Ok, another wall of text from me. Sorry! Strap in…
Mastodon’s defaults on fetching and caching seem whacky to me. The admin of the server I’m on says the default is to download all text/image posts, and then delete it all after a week.
Including posts that @mention me. Even ones that are part of the context for ongoing conversations. Even ones I haven’t even seen. Even the Direct posts that @mention me.
Why?
My dream defaults are quite different.
Yes, there will be a bit more latency for them. One obvious benefit is never downloading images for posts nobody ever sees. Reducing storage costs for the receiving server, and bandwidth use at both ends.

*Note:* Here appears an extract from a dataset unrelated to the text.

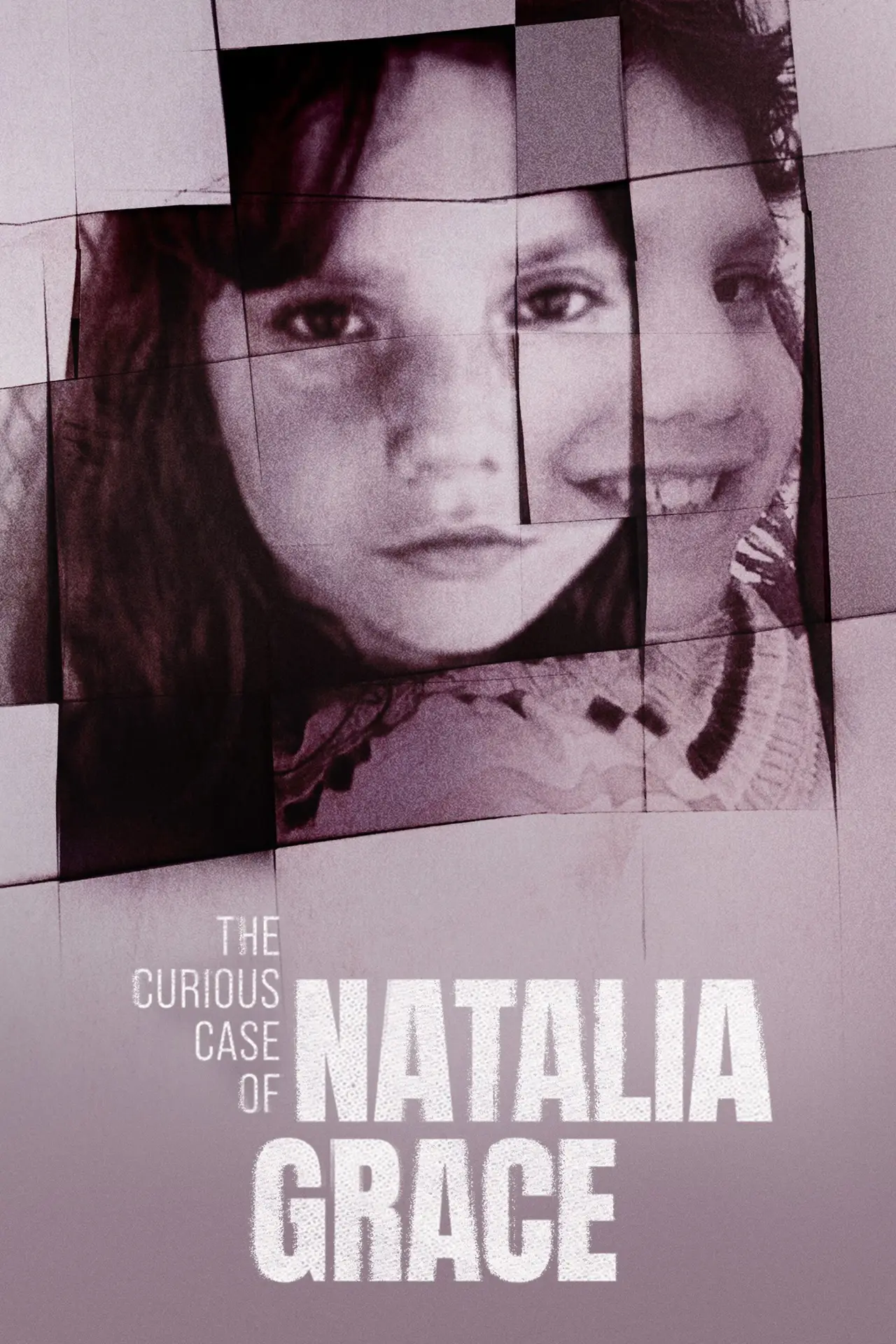 Постер до серіалу "The Curious Case of Natalia Grace"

A less obvious benefit is that a server never ends up storing dodgy media (potentially illegal stuff like CSAM), without someone using their server seeing it. If it is viewed, and therefore downloaded, either the person who viewed it will report it for purging (and further action as appropriate), or mods can hold them responsible for not reporting it.

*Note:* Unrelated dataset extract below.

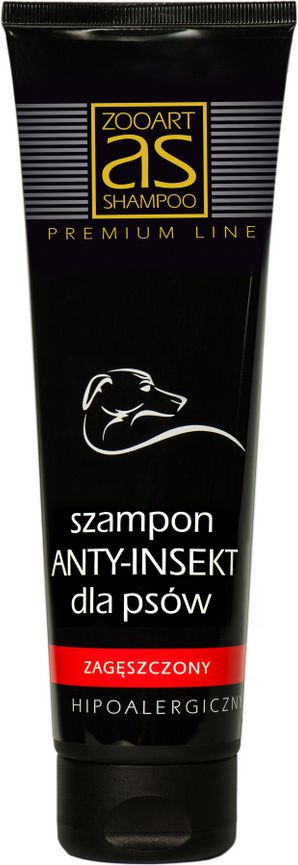 ZooArt Szampon anty-insekt dla psów AS Pemium - 300ml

That’s exactly what Mastodon’s doing by downloading images before anyone wants to look at them. Potentially wasting piles of storage. Which is then addressed by aggressively pruning text data people on the server will want to see. Text that uses a fraction of the per-post data of space used by image data. To me, this seems whacky, ‘cheery Londoners dancing on roofs with brooms’ level whacky.
What you’re optimising for with DOFV is precisely the images people do want to look at. As evidenced by the fact that somone has. With a whole lot less media flying around the network unnecessarily, the overall latency of everything would likely improve.
This may surprise you, but not everyone looks at every post made by everyone their account follows. I follow anyone who posts stuff I like. I look at very little of it. But if I do a search in my app, I’m more likely to find good stuff (or for specific searches, any stuff at all). As is anyone else using the same server.
At least we were, before Mastodon started stuffing it all down the memory hole after a week. Our admin pushed out auto-pruning to a month after I queried what’s going on. But we’re still losing our conversation history on a daily basis.
In which case wouldn’t there be latency for the first person viewing them anyway?
How many were never viewed at all? Wasting significant resources in a totally avoidable way (see above). Now multiply that by every server in the network. Now imagine the network being 10 times bigger in 5 years, and 100 times bigger in 10 (just as a hypothetical).
The waste of storage and bandwidth scales up with growth of the network. Convince me this is good design.
Ok firstly, this seems like a purely theoretical risk. Most people who use social media walk around with a computer in our pockets. How sensitive is data about the times it’s in our hands instead? In XMPP networks, telegraphing presence is a feature, not a bug
Also, as you say, this is really only an issue for single-account servers. If this is part of their threat model, they can just change the default to suit their needs.
But in general, people using single-account servers are even more likely to follow more stuff than they’ll ever look at. To increase the scope of discovery (see the linked Fediverse Ideas issue about my dream defaults). So unless they have a generous budget for storage, or they don’t pay for it (eg server in the closet), a DOFV default for anything beyond post metadata and text still makes more sense to me.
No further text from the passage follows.